她拿紙巾擦乾淨眼淚,最後啞著嗓子低聲說了一句:「謝謝你。」
卻沒有抬起頭來。
慕容儔不知道該再說些什麼,突然問:「你想吃點什麼嗎?餓不餓?」
李如洗抬起頭來,露出一雙淚水洗過的眼睛,有點無奈,又有點啼笑皆非。
慕容儔看來對吃的還挺有執念。
是覺得美食才能安慰悲痛嗎?
李如洗不知道為什麼想起那些動物類紀錄片裡,某隻獅子或者狼之類的動物,到了窮途末路,再也不可能生存下去的時候,它最親密的同伴最後給它抓來一隻獵物,然後悄然離去的情節……
可見,食物可能真的是生死關頭最後的安慰?
她微微搖了頭,露出一個蒼白的微笑來。
「不用了,謝謝。
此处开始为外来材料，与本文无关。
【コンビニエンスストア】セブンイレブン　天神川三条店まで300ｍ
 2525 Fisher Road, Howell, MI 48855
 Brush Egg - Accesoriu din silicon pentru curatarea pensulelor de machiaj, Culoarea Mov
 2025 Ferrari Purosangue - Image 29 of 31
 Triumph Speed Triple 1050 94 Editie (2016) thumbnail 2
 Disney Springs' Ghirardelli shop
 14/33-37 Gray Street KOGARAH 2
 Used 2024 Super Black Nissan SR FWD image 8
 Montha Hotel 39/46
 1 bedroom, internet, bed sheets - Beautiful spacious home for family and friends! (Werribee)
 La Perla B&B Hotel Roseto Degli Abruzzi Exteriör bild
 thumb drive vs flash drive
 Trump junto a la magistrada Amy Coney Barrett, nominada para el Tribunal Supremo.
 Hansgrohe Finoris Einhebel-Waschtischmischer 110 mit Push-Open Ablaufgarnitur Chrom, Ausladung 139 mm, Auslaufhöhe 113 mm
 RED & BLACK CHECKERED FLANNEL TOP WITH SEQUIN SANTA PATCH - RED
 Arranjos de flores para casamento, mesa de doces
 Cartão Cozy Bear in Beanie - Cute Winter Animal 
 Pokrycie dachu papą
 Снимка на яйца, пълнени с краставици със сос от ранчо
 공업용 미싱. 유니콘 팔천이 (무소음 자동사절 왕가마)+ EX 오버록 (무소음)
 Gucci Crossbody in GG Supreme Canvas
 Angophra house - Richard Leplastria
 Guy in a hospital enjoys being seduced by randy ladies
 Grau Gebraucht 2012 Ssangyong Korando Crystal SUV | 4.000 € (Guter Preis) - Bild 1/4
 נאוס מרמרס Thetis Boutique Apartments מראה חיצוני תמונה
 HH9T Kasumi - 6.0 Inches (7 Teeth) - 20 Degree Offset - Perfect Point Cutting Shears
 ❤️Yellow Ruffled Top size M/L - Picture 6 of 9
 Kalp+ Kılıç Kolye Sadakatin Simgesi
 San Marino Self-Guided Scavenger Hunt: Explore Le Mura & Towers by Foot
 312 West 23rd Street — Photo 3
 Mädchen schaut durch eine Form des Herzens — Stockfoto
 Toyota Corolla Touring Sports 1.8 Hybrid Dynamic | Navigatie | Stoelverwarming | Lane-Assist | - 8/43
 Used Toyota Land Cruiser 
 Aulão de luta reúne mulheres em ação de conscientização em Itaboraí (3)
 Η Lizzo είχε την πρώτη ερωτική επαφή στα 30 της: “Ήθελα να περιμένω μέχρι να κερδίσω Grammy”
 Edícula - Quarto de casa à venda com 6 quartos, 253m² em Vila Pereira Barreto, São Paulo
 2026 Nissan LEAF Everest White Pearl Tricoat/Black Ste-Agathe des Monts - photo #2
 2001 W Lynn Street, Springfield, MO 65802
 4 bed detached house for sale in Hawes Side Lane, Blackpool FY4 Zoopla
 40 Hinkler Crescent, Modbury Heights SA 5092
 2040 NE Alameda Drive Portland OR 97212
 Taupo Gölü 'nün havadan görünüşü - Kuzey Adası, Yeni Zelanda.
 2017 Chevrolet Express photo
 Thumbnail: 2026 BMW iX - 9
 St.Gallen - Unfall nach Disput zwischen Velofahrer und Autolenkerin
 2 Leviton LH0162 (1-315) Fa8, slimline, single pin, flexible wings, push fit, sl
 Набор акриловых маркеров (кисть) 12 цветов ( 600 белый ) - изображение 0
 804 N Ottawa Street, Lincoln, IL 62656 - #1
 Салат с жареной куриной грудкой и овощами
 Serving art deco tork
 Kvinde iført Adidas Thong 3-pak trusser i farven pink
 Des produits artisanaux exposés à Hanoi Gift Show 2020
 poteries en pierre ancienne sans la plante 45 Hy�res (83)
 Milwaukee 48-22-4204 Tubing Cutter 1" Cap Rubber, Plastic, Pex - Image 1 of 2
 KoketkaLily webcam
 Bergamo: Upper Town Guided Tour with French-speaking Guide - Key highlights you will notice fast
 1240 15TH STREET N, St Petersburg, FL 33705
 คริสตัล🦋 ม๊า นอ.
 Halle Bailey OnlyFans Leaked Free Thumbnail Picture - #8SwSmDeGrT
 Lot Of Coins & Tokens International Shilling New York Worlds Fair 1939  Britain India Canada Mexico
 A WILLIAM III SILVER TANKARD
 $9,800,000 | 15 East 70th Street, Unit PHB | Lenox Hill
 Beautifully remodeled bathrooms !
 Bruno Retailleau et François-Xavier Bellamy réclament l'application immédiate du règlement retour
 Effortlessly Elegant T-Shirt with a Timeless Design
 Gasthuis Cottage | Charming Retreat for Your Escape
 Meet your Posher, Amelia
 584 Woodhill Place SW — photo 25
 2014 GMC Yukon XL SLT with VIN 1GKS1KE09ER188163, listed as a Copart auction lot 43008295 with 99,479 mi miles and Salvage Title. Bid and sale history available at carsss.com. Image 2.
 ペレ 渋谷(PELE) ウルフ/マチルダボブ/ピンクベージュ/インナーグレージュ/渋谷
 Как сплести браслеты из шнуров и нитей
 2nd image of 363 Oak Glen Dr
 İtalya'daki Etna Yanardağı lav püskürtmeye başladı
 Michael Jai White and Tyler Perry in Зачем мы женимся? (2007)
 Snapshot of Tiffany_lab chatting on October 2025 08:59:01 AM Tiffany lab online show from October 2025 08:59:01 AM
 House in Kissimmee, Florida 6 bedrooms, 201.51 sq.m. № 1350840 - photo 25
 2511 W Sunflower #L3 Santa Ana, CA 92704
」聲音極輕極弱。
慕容儔低頭,深深凝視著她,驀然間就覺得自己的心臟好像被刺入了什麼鋒利的兇器,剎那間心痛如絞。
若不是自制力過人,他大概會去捂住胸口吧。
但實際上他依然身姿筆挺,肩膀緊繃,甚至還笑了笑:「那,你要不要喝點什麼?」
李如洗詫異地抬頭:「我……我現在治療中,不能喝酒……」
慕容儔笑了起來:「我知道,我是說,你要不要喝點什麼好喝的……奶茶之類的……」
李如洗有點心動,但卻覺得他出去買了再回夜晚的醫院太過麻煩,最終猶豫了一下後搖了搖頭:「算了吧。」
慕容儔沒有勉強,告辭而去。
李如洗自己一個人在黑暗中靠在病床的床頭,一時無法入睡。
她看了看洗漱間的門,考慮要不要洗個澡,讓自己狀態好一點。
過了半個小時左右,卻聽到了門口響起腳步聲,然後病房門被輕輕推開,一個高大的身影擋住了走廊裡慘白的燈光。
「李如洗,你睡了嗎?」他低聲問。
李如洗詫異地回答了一聲:「沒有。」然後開啟床頭的燈。
看到慕容儔站在門口,手裡提著長長的飲料袋。
是一個很紅的總是要排隊的牌子的一大杯,應該是奶茶。
他走到了她旁邊,羊絨大衣上帶著外面的冷空氣,他把手裡的奶茶遞給她,說:「給。」動作語氣直接得像個愣頭愣腦的少年。
她接過來。
他的手指和袋子冰涼,但奶茶杯子是溫熱的。
她微笑起來,喝了一口。
溫熱濃香而馥郁甜蜜的液體瞬間撫慰了她的味蕾,她的胃,她的身體和精神……
平時知道奶茶不健康,她不敢輕易買,喝得極少。
但是這時候喝這麼一口,真的有整個人都活過來的感覺。
她微笑著向他道謝。
「……放心,我會好好的,明天我就跟噗噗談這件事。」